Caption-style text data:
===============

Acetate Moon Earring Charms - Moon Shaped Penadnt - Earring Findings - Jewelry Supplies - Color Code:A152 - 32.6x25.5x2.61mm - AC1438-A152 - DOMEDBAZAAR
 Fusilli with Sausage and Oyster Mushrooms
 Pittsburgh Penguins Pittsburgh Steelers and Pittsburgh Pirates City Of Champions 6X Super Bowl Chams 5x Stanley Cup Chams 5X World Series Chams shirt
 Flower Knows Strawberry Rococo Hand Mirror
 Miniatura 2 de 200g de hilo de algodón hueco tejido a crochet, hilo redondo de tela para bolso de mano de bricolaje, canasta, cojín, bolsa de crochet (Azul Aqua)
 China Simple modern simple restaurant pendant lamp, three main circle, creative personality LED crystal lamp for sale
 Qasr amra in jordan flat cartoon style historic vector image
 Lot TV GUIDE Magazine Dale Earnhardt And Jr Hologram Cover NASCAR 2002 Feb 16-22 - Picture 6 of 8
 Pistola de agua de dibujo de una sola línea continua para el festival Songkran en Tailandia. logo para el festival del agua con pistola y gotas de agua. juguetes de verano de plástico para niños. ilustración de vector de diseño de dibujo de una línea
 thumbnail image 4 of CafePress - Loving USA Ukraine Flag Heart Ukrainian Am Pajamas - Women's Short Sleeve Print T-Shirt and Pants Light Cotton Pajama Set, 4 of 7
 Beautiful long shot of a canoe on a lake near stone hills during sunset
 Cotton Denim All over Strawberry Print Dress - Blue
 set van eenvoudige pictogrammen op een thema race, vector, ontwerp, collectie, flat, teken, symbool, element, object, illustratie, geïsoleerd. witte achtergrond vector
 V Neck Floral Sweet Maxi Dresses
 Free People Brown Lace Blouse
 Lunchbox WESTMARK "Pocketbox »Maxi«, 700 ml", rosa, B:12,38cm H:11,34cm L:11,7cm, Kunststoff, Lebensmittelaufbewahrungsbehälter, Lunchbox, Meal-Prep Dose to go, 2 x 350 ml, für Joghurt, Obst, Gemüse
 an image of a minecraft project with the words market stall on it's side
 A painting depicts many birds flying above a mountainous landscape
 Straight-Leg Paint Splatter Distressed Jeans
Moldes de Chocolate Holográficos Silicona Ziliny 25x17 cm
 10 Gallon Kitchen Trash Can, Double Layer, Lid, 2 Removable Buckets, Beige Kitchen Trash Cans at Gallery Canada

===============

Produce exactly the lines from the one containing "Joghurt, Obst, Gemüse" through the final line of the records above, both included, and no others.

 Lunchbox WESTMARK "Pocketbox »Maxi«, 700 ml", rosa, B:12,38cm H:11,34cm L:11,7cm, Kunststoff, Lebensmittelaufbewahrungsbehälter, Lunchbox, Meal-Prep Dose to go, 2 x 350 ml, für Joghurt, Obst, Gemüse
 an image of a minecraft project with the words market stall on it's side
 A painting depicts many birds flying above a mountainous landscape
 Straight-Leg Paint Splatter Distressed Jeans
Moldes de Chocolate Holográficos Silicona Ziliny 25x17 cm
 10 Gallon Kitchen Trash Can, Double Layer, Lid, 2 Removable Buckets, Beige Kitchen Trash Cans at Gallery Canada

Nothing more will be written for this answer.